• **YOUR GOAL**:
Copy the data exactly; pictures stay out of the copy.

• **RECORDS TO USE**:

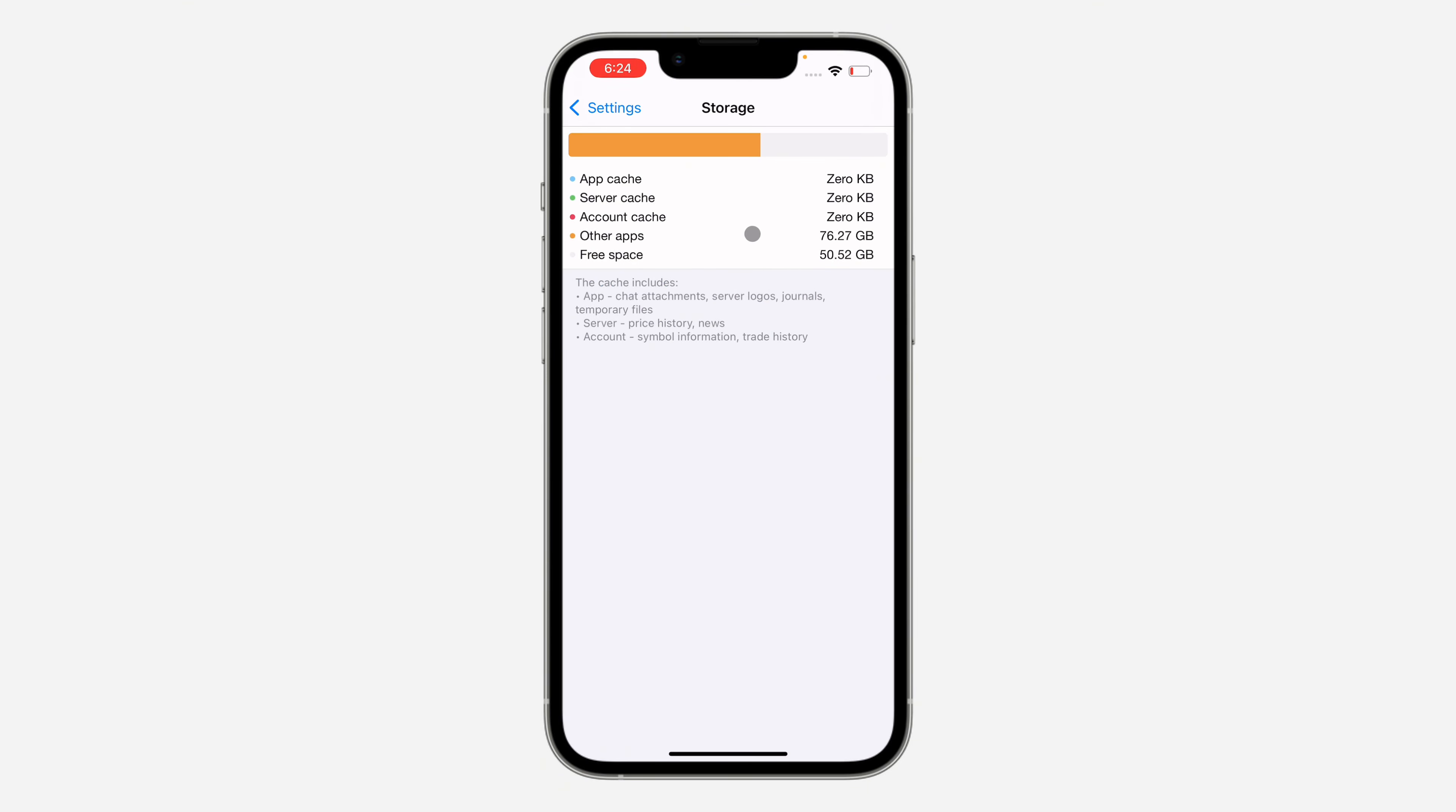And now everything will be deleted, so this MetaTrader 5 app won't be taking much storage on your phone again. If you found this video helpful, smash the like button and subscribe.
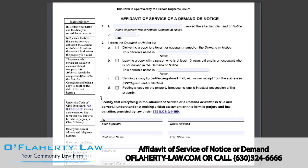Service requirements may be different if required by the lease or local landlord-tenant law or subsidized housing programs. If you need more information on how to serve papers based on any of those, you may want to speak with a lawyer.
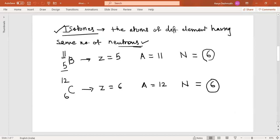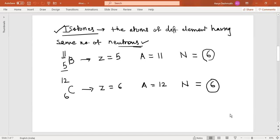Isotones are atoms of different elements having the same number of neutrons. Obviously their atomic numbers and mass numbers will both be different. For example: boron with atomic number 5 and mass number 11, and carbon with atomic number 6 and mass number 12. Both atomic number and mass number differ, but what is common is N — the number of neutrons. Such pairs are called isotones.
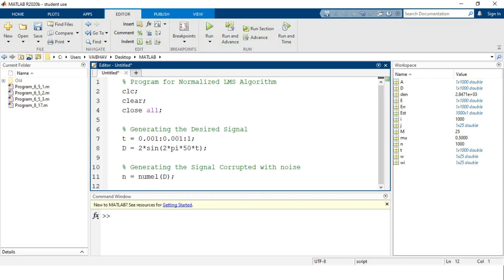The signal corrupted with noise represents the actual practical signal. We define it with the variable name capital A, which holds the desired information D(1:n) further added by randomness. We use randn with input arguments (1, n) to generate a random signal, and 90 percent of it is added to the desired signal compound.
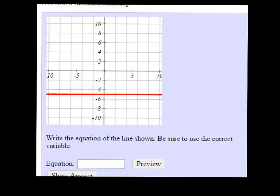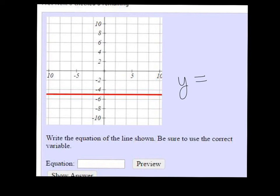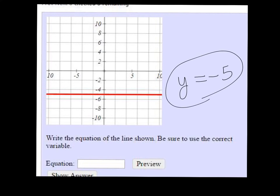Alright, we're trying to determine the equation of this horizontal line. Horizontal lines are in the form y equals, let me get a color that will show up here, y equals, and then a number. So the way we determine what it's going to equal is we look at where it crosses the y-axis, and that's right at negative 5. So this is just the line y equals negative 5.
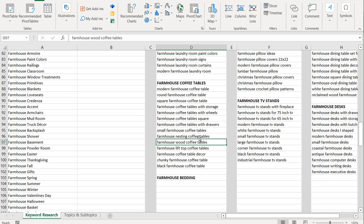If I have pages on my website for all these different types of products — like farmhouse coffee tables with wheels — then when someone searches for that keyword I'm going to be much more likely to rank. And it's so targeted that people seeing a list of coffee tables with wheels for sale are more likely to purchase than somebody searching for 'rustic coffee tables,' which is a broad category where people aren't sure what they want yet. Somebody looking for something this specific knows exactly what they want.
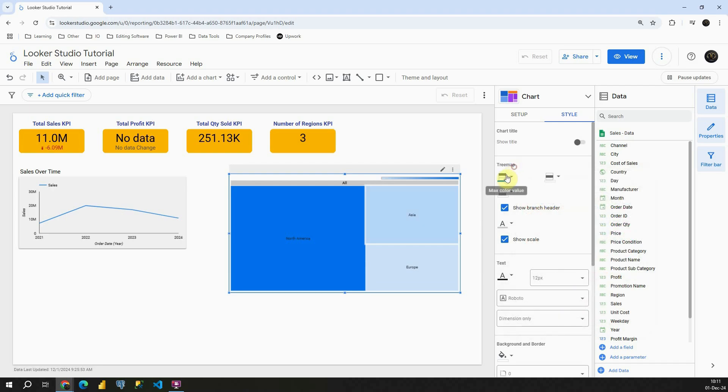In this section we can provide max color value, mid color value, and min color value.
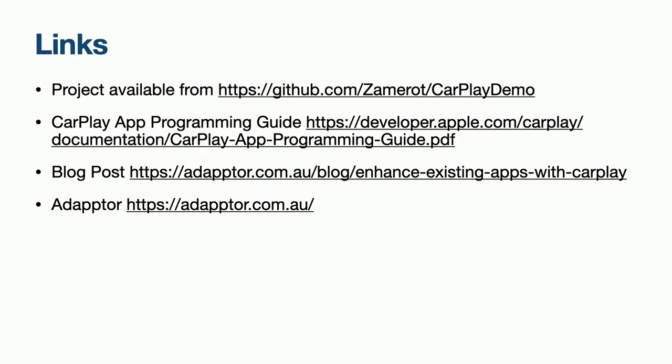If you would like to play further with the demo you just saw, you can download it from my GitHub. The CarPlay app programming guide documents all the information you need to build a CarPlay app. If you would like more information on CarPlay development, I have written a blog post which is available here. And finally, you should check out what my awesome colleagues and I get up to at Adapter, as we'll quite often feature blog posts on our website. Thanks everyone, that's the end of my presentation.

• **TASK SOLUTION**:
And now everything will be deleted, so this MetaTrader 5 app won't be taking much storage on your phone again. If you found this video helpful, smash the like button and subscribe.
Service requirements may be different if required by the lease or local landlord-tenant law or subsidized housing programs. If you need more information on how to serve papers based on any of those, you may want to speak with a lawyer.
Isotones are atoms of different elements having the same number of neutrons. Obviously their atomic numbers and mass numbers will both be different. For example: boron with atomic number 5 and mass number 11, and carbon with atomic number 6 and mass number 12. Both atomic number and mass number differ, but what is common is N — the number of neutrons. Such pairs are called isotones.
The signal corrupted with noise represents the actual practical signal. We define it with the variable name capital A, which holds the desired information D(1:n) further added by randomness. We use randn with input arguments (1, n) to generate a random signal, and 90 percent of it is added to the desired signal compound.
Alright, we're trying to determine the equation of this horizontal line. Horizontal lines are in the form y equals, let me get a color that will show up here, y equals, and then a number. So the way we determine what it's going to equal is we look at where it crosses the y-axis, and that's right at negative 5. So this is just the line y equals negative 5.
If I have pages on my website for all these different types of products — like farmhouse coffee tables with wheels — then when someone searches for that keyword I'm going to be much more likely to rank. And it's so targeted that people seeing a list of coffee tables with wheels for sale are more likely to purchase than somebody searching for 'rustic coffee tables,' which is a broad category where people aren't sure what they want yet. Somebody looking for something this specific knows exactly what they want.
In this section we can provide max color value, mid color value, and min color value.
If you would like to play further with the demo you just saw, you can download it from my GitHub. The CarPlay app programming guide documents all the information you need to build a CarPlay app. If you would like more information on CarPlay development, I have written a blog post which is available here. And finally, you should check out what my awesome colleagues and I get up to at Adapter, as we'll quite often feature blog posts on our website. Thanks everyone, that's the end of my presentation.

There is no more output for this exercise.